By Leroy Douresseaux
November 7, 2007 - 13:41
THE ART OF NAUSICAÄ OF THE VALLEY OF THE WIND: WATERCOLOR IMPRESSIONS
The name of animated filmmaker Hayao Miyazaki was not well known to many film fans until the 1999 English-language release of his film, Princess Mononoke. Miyazaki later won an Oscar for Spirited Away (2002) and earned an Oscar nomination for Howl’s Moving Castle (2005). However, this prominent Japanese director of feature-length animated films was making animation long before 1999. One of those films, Nausicaä of the Valley of the Wind (1984), has long had a strong cult following in the U.S., and began life as a manga that Miyazaki created himself.
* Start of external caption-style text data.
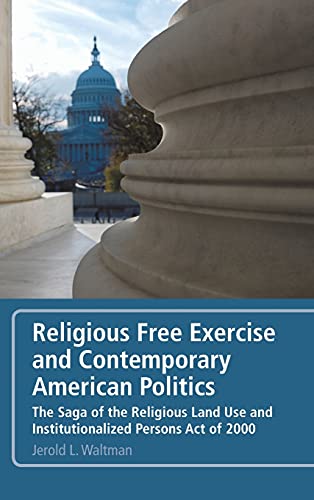 Imagen de archivo de Religious Free Exercise and Contemporary American Politics: The Saga of the Religious Land Use and Institutionalized Persons Act of 2000 a la venta por Midtown Scholar Bookstore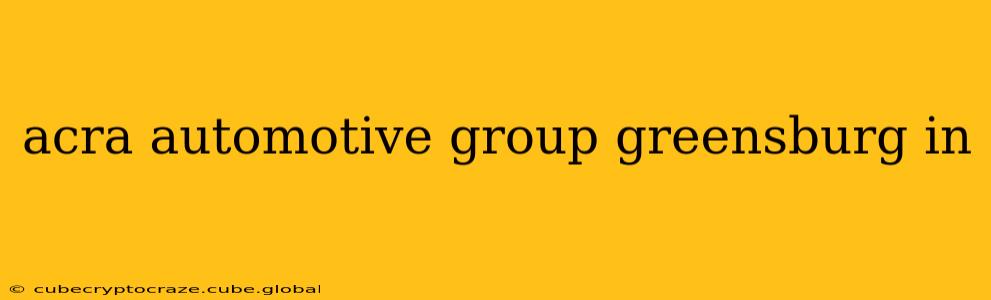acra automotive group greensburg in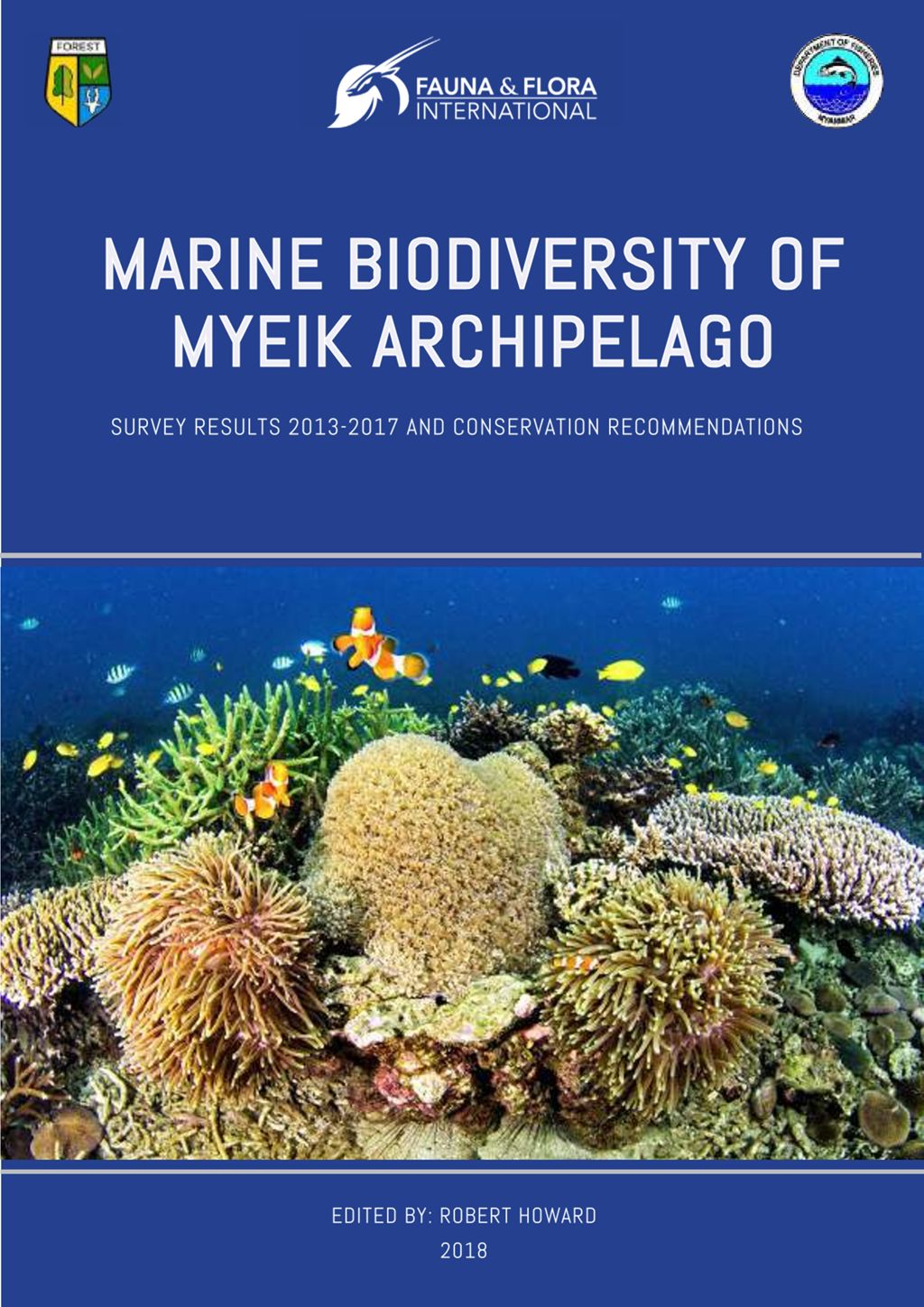 Miniature of Marine Biodiversity of Myeik Archipelago: Survey Results 2013-2017 and Conservation Recommendations. Tanintharyi Conservation Programme, a joint initiative of Fauna & Flora International, the Myanmar Forest Department and Department of Fisheries.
The Art of Nausicaä of the Valley of the Wind: Watercolor Impressions is a book that collects watercolor illustrations (and some black and white drawings) used as concept sketches for both the manga and film versions of Nausicaä of the Valley of the Wind. Originally published in Japan, this art book also presents promotional art and drawings used for Nausicaä manga reprint and book collections and memorabilia. This hardcover book also contains a sizable collection of image boards Miyazaki drew for the film. For even more, there is another section containing “motif” art. These are drawings Miyazaki did of costumes, humans, creatures, robots, etc to inspire himself as he prepared to write and draw the Nausicaä of the Valley of the Wind manga.
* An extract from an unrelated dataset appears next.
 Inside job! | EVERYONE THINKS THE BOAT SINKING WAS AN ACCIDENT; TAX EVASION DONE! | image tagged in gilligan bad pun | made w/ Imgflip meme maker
THE LOWDOWN: It goes without saying that The Art of Nausicaä of the Valley of the Wind: Watercolor Impressions is full of pretty pictures. Hey, it’s watercolor drawings! What really impresses here is that the drawings present Miyazaki’s imagination as bountiful, prodigious, and maybe even protean. The variety of design and concept in everything: people, fantastic creatures, costumes, machines, and environments is… amazing. It’s almost like witchcraft. Miyazaki even writes commentary for most of the images, which provides both humor and insight. He actually has some misgivings and complaints about these incredible drawings.
POSSIBLE AUDIENCE: For fans of Nausicaä, this book is essential. Those who remember the lovely “Art of” books Hyperion published in conjunction with the release of many Walt Disney animated feature films in the 1990’s will want to make shelf space for this.